In the column, I pointed out that conspiracy theorists might find just as many potential vulnerabilities in older technologies, like lever machines. But some of you pushed back on that point. "The tallies taken from these machines were always monitored by designated judges from all political parties who were on the ballot," wrote one person. "We stood next to the election officials as they opened the machines and read the registers. And we read them ourselves, and wrote the results on our own independent tally sheets.

Likewise, party representatives monitor the counting of paper ballots, either manually or by scanner. (I've been there in that role on numerous occasions.) If you're using optical-scan machines, each party can have its own scanner (programmed in open code, of course); and if the totals don't match, you can go to hand counts."
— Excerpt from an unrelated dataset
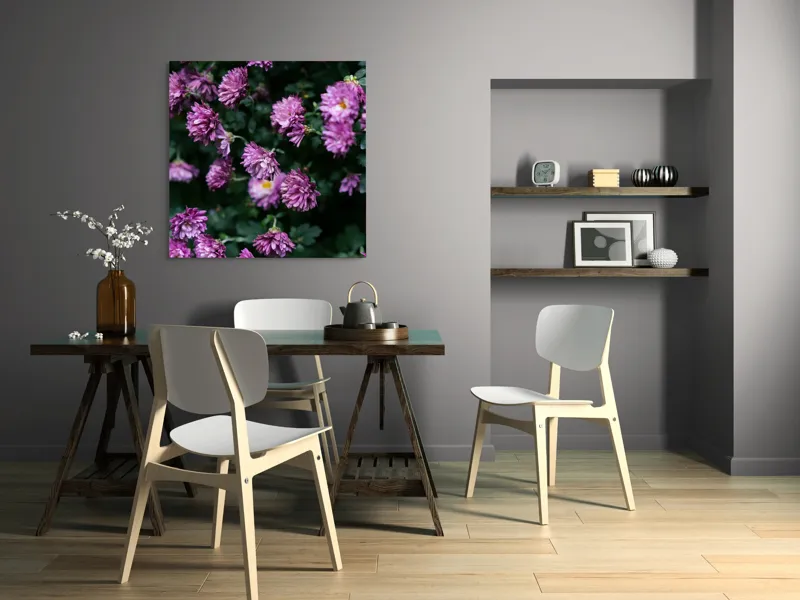 Tablou Canvas, "Flori de toamnă în grădinăraie.", Flori, Mov, Delicate, Frunziș, Abundență, Natură, Prospețime, Grădină, Petale, Verde., 100 x 100 cm – poza 6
One final point: In my research, I couldn't help noticing a strange partisan slant. For example, most of the sponsors of Congressman Rush Holt's paper-trail bill are Democrats, and so is the California Secretary of State who decertified the machines. The committee chairman who (according to Holt) is trying to squash his bill is Republican, and so are the 11 Diebold executives who have made party campaign contributions. (According to a Times story from late last year, no Diebold contributions were made to the Democratic party.)

Yet a pro-machine speech by Joe Andrew, former chairman of the Democratic National Party, makes an intriguing point I thought I'd pass on. (Diebold sent the transcript to me.) It makes both parties' stances seem counterintuitive:

"Any Democrat who thinks that getting rid of electronic voting machines will help the Democrats win is simply out to lunch. Study after study shows that the voters who are most likely to be helped by [these machines] are the disabled (they are not intimidated and vote independently), the less educated (the machines are easier to read and are more like ATM's, which almost everyone uses), lower socioeconomic groups (who trust machines more than they trust people), the truly elderly (bigger print, no pressure-sensitive punching or marking on small circles), and U.S. citizens who are more comfortable voting in a language other than English (Older Hispanics and Asian Americans). Now it doesn't take a genius, or even a former Chair of the Democratic Party, to tell you that those are all Democratic voters."

In the end, though, the speaker wound up condemning voting-machine paper trails, which is where he lost me. Computer voting machines may be as insecure as the university computer scientists say, or as solid as the manufacturers say; they may be favored by Republicans and disliked by Democrats, or vice versa. But one thing seems unassailable: short of throwing out the billions¹ worth of newly purchased voting machines (it ain¹t gonna happen), adding a voter-verified paper trail seems to be the simplest, least partisan and most trustworthy solution we have available.